## EXERCISE INSTRUCTIONS
Repeat the data exactly, so that every line matches the original.

## GIVEN MATERIAL
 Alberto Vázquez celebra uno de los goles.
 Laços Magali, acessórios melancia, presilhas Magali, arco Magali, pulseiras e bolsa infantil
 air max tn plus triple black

## TASK SOLUTION
 Alberto Vázquez celebra uno de los goles.
 Laços Magali, acessórios melancia, presilhas Magali, arco Magali, pulseiras e bolsa infantil
 air max tn plus triple black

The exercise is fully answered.